**What to work on:** Will you write out the data exactly, excluding every picture?

**Excerpted data:**
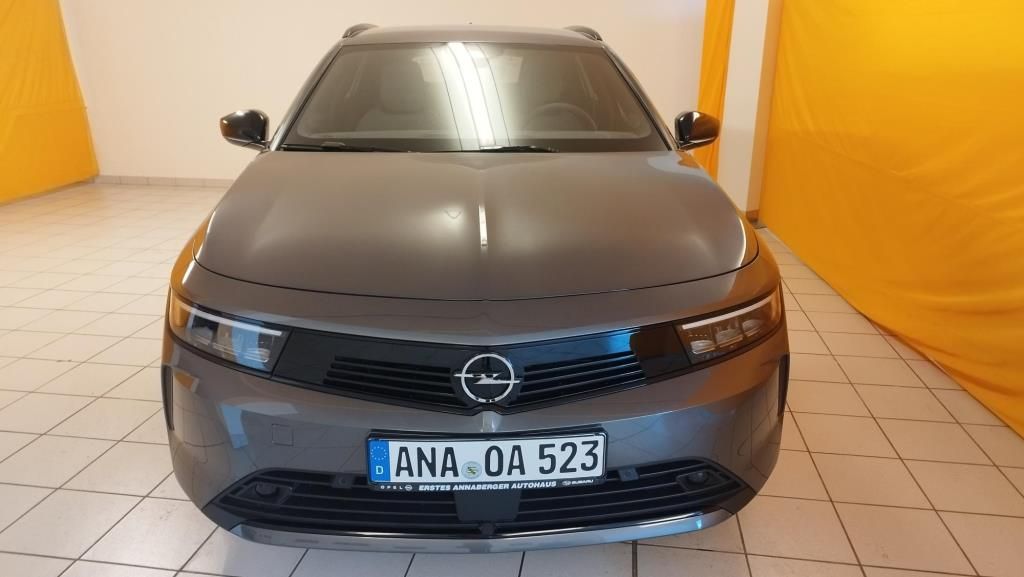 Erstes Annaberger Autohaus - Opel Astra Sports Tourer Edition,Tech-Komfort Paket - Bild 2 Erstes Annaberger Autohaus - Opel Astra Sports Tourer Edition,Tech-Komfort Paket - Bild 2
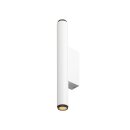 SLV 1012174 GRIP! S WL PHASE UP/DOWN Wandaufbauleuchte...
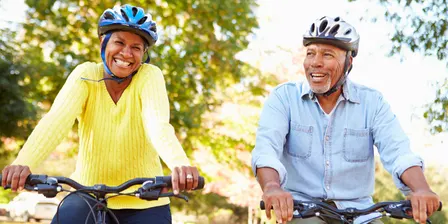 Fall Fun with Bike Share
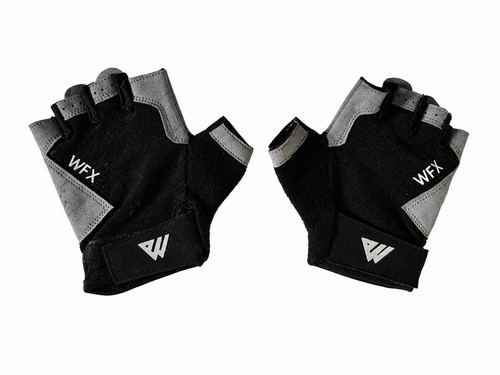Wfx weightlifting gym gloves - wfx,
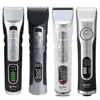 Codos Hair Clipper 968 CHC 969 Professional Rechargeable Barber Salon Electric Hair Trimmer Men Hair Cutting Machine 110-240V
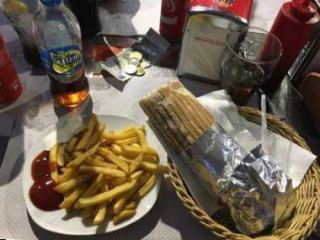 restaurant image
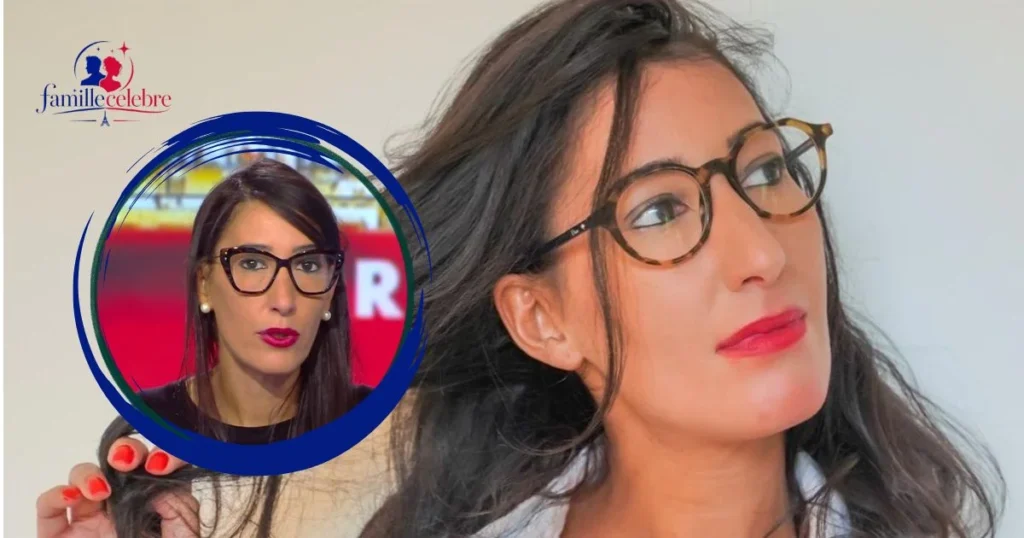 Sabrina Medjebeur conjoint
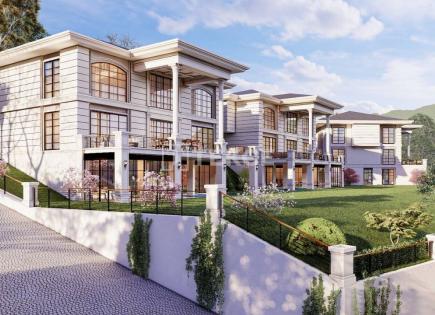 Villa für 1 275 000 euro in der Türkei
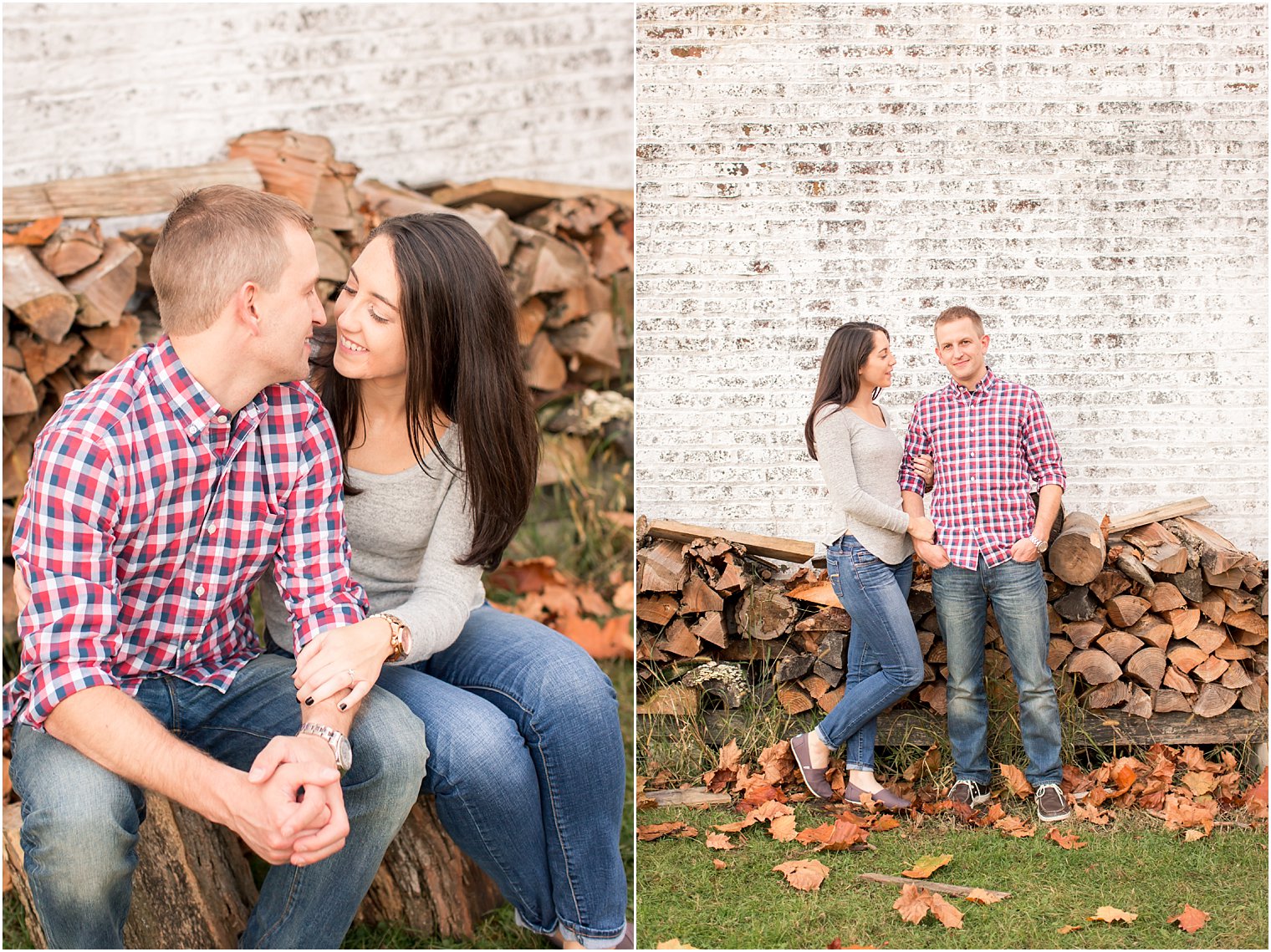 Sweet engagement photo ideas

**Solution below:**
 Erstes Annaberger Autohaus - Opel Astra Sports Tourer Edition,Tech-Komfort Paket - Bild 2 Erstes Annaberger Autohaus - Opel Astra Sports Tourer Edition,Tech-Komfort Paket - Bild 2
 SLV 1012174 GRIP! S WL PHASE UP/DOWN Wandaufbauleuchte...
 Fall Fun with Bike Share
Wfx weightlifting gym gloves - wfx,
 Codos Hair Clipper 968 CHC 969 Professional Rechargeable Barber Salon Electric Hair Trimmer Men Hair Cutting Machine 110-240V
 restaurant image
 Sabrina Medjebeur conjoint
 Villa für 1 275 000 euro in der Türkei
 Sweet engagement photo ideas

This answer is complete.